(Short text fragments from websites)
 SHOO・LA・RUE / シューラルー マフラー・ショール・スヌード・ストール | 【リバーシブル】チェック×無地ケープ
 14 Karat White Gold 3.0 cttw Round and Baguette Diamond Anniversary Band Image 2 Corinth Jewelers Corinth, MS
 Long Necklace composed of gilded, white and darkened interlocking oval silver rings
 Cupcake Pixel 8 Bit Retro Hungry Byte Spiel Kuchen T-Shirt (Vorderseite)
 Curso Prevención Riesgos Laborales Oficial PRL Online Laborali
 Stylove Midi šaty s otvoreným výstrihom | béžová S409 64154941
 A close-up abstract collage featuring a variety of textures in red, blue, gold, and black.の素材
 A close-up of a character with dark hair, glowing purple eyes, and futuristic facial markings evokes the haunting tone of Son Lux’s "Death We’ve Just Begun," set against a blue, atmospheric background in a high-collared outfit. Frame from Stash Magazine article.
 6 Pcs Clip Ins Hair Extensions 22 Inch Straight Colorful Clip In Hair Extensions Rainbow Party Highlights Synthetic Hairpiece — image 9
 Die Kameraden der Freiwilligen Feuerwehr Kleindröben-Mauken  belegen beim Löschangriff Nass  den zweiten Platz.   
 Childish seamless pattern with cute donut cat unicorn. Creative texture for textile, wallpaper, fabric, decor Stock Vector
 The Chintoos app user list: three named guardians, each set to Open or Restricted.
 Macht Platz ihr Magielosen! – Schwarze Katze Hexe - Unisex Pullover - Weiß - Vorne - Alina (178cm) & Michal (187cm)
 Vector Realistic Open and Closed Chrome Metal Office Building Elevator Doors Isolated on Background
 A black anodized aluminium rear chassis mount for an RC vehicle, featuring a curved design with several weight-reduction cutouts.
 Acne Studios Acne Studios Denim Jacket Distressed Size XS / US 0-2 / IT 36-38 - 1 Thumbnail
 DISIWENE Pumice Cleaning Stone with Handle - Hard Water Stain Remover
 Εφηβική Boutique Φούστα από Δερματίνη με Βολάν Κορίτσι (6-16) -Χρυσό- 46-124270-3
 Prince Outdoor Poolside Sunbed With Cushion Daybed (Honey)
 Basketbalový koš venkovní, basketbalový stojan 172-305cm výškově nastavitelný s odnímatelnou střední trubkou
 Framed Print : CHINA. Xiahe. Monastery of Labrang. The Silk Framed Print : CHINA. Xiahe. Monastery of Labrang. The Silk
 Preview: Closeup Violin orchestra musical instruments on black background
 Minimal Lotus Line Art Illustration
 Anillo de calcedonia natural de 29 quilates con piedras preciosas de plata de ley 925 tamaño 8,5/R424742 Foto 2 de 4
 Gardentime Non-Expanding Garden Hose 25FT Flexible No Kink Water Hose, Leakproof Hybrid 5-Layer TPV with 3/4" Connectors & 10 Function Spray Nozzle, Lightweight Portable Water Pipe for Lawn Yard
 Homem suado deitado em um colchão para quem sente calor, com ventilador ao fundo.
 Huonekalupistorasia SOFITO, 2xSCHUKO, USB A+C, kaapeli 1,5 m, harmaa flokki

§ TASK TO CARRY OUT
Could you return exactly the stretch of the data above that starts at the line with "A black anodized" and ends at the line with "DISIWENE Pumice Cleaning", both lines included?

§ RESPONSE
 A black anodized aluminium rear chassis mount for an RC vehicle, featuring a curved design with several weight-reduction cutouts.
 Acne Studios Acne Studios Denim Jacket Distressed Size XS / US 0-2 / IT 36-38 - 1 Thumbnail
 DISIWENE Pumice Cleaning Stone with Handle - Hard Water Stain Remover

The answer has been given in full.